Leave every picture out, and print the full listing again exactly.

▶ **SUPPLIED DATA**
· · ·
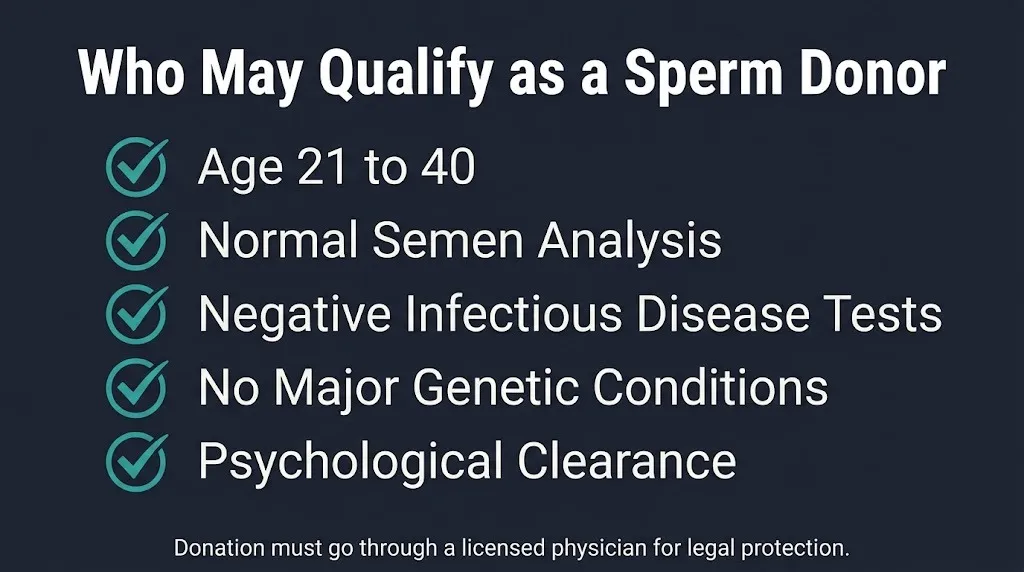 Sperm donor eligibility checklist graphic showing age, health, genetic, and psychological requirements.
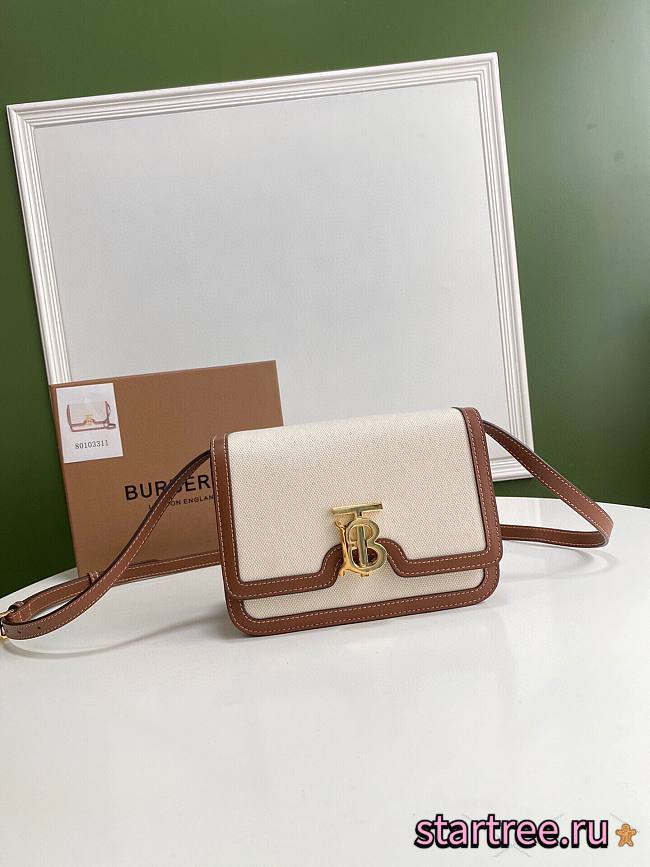 BURBERRY | Small Two-tone Canvas and Leather TB Bag - 21 x 16 x 6cm - 1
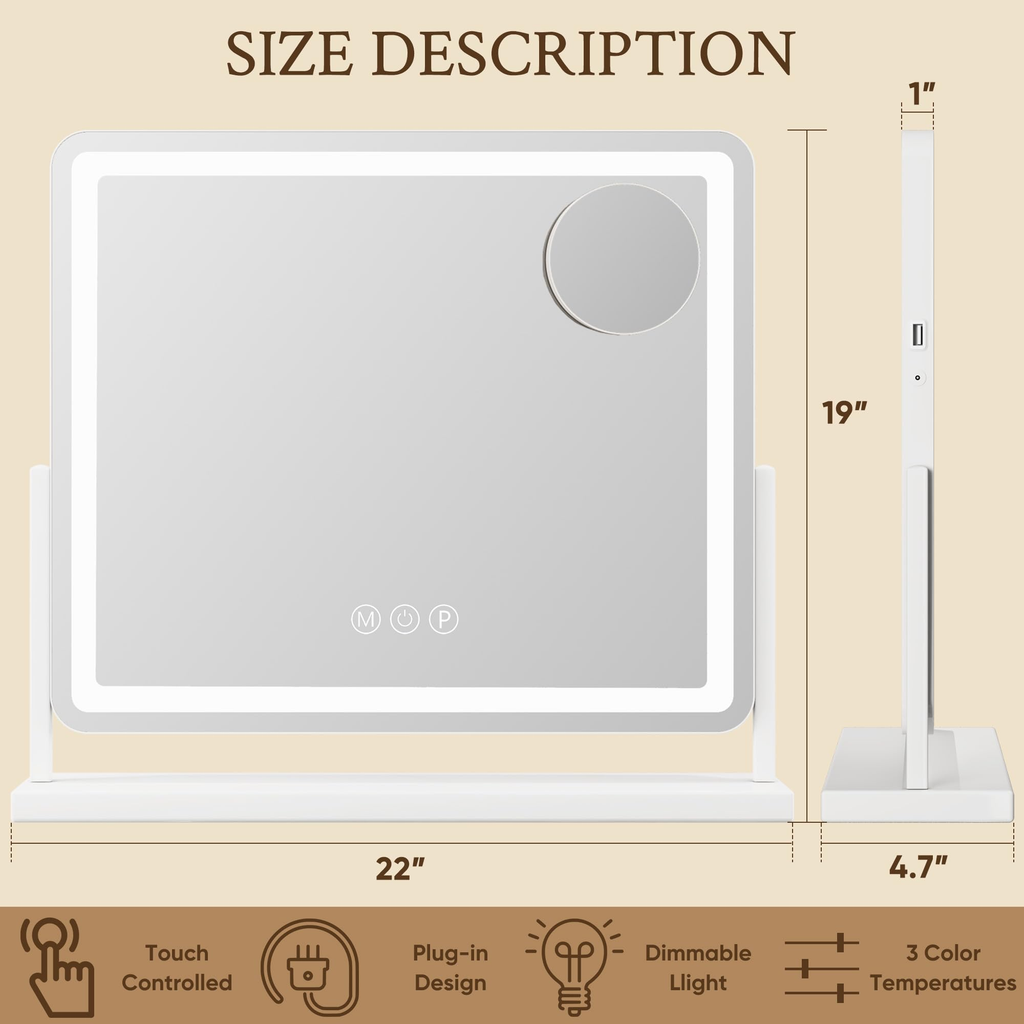 Antok Vanity Mirror with Lights, Lighted Makeup Mirror, Smart Touch, 3 Color Modes and Brightness Adjustable, LED Vanity Mirror with Detachable 10X Magnification, 360° Rotation for Makeup Desk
· · ·
▶ **EXPECTED ANSWER**
 Sperm donor eligibility checklist graphic showing age, health, genetic, and psychological requirements.
 BURBERRY | Small Two-tone Canvas and Leather TB Bag - 21 x 16 x 6cm - 1
 Antok Vanity Mirror with Lights, Lighted Makeup Mirror, Smart Touch, 3 Color Modes and Brightness Adjustable, LED Vanity Mirror with Detachable 10X Magnification, 360° Rotation for Makeup Desk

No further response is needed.